Running Siglip/Siglip2 on MLX?
Hi, just wondering if there is support for running Siglip models on MLX? This PR seems to indicate so https://github.com/Blaizzy/mlx-vlm/pull/24
Yes, we do support it.
But I believe you want just SigLip, right?
Correct, SigLIP2 would be the one. Any resource(s) you could point me towards for converting models and running them on mlx?

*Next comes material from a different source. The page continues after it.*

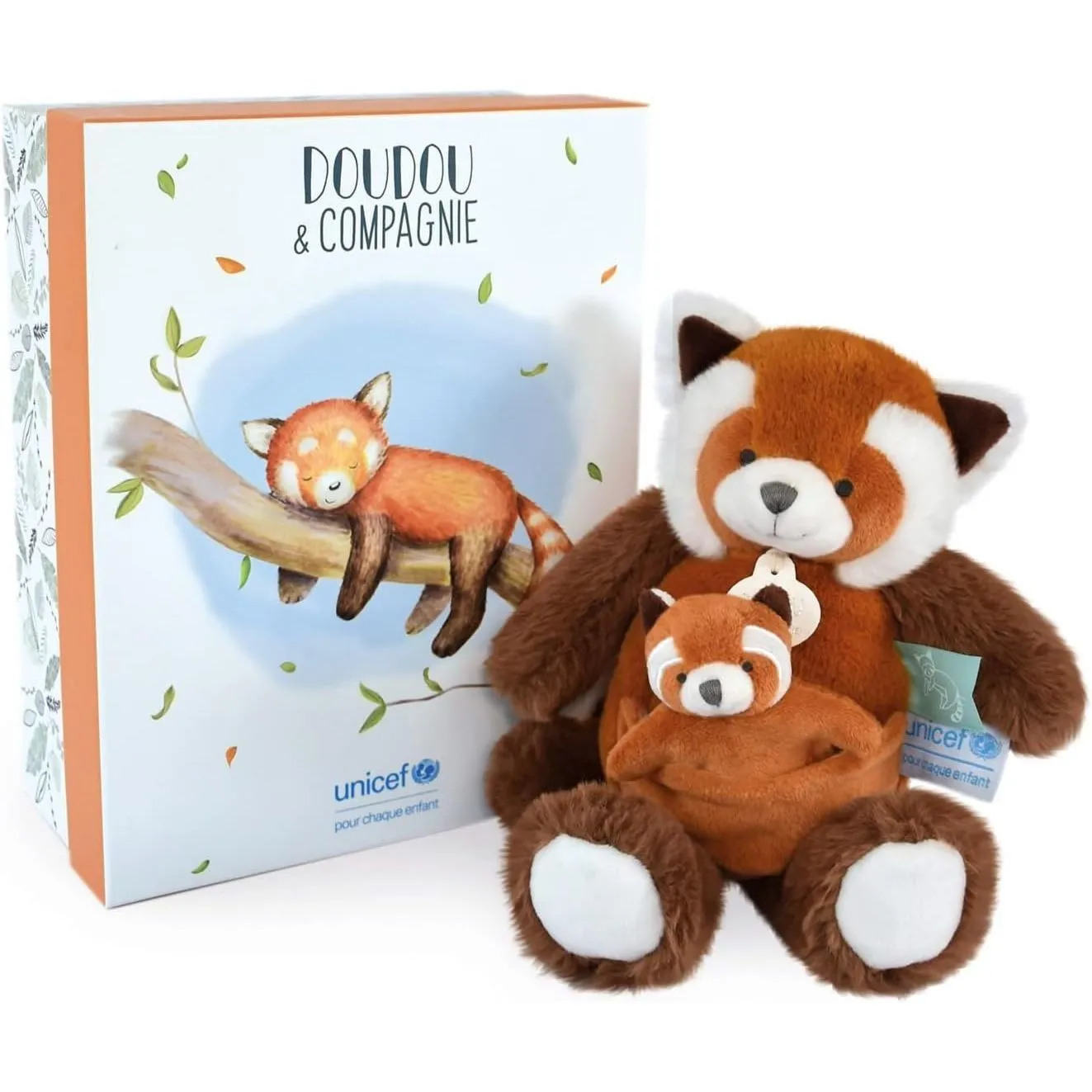 М&#039;яка іграшка Doudou Панда ROUX з малюком, колекція Bio, у коробці, DC3985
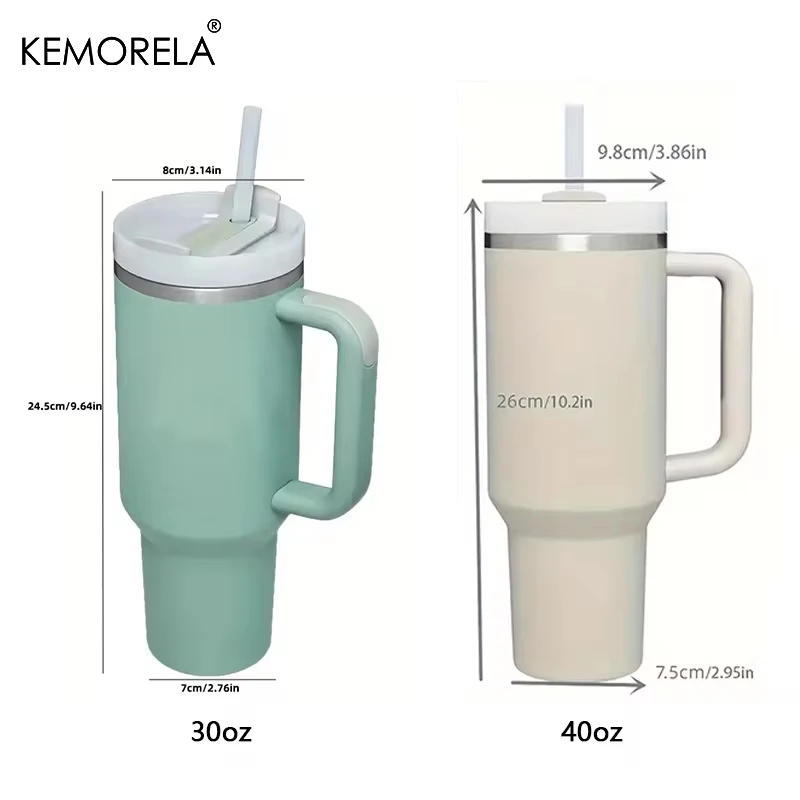 KEMORELA 30&40 oz Tumbler With Handle Lid Straw 887/1182ML Stainless Steel Water Bottle Vacuum Thermos Cup Travel Car Coffee Mug - Image 6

@Blaizzy guessing we could figure it out from here mlx_vlm/models/paligemma/vision.py , will the conversion scripts in the comments work for SigLIP2?
from transformers import AutoModelForCausalLM, AutoProcessor
model_id= "<huggingface_model_id>"
model = AutoModelForCausalLM.from_pretrained(model_id)
processor = AutoProcessor.from_pretrained(model_id)
model.save_pretrained("<local_dir>")
processor.save_pretrained("<local_dir>")
```
Then use the <local_dir> as the --hf-path in the convert script.
```
python -m mlx_vlm.convert --hf-path <local_dir> --mlx-path <mlx_dir>
I saw some other GH issue where someone had problems converting SigLIP models (can't find the link now). Any guidance would be hugely appreciated - is it worth digging into this, i.e. how much work is involved, and how much of a performance boost could we expect from running on MLX vs MPS in PyTorch?
Found the issue where people had issues converting SigLIP models to MLX: https://github.com/ml-explore/mlx-examples/issues/747
I added Siglip support here:
https://github.com/Blaizzy/mlx-embeddings/releases/tag/v0.0.2
Siglip2 is next.
Amazing! Will be very interesting to see what kind of speedups we can get compared to MPS/PyTorch. Been playing around with the mexma-siglip2 variant recently which has shown very good performance. Do you think it could be included when support for the other Siglip2 variants are implemented? https://huggingface.co/visheratin/mexma-siglip2
You will be able to use my siglip2 implementation and add the changes needed to support mexma.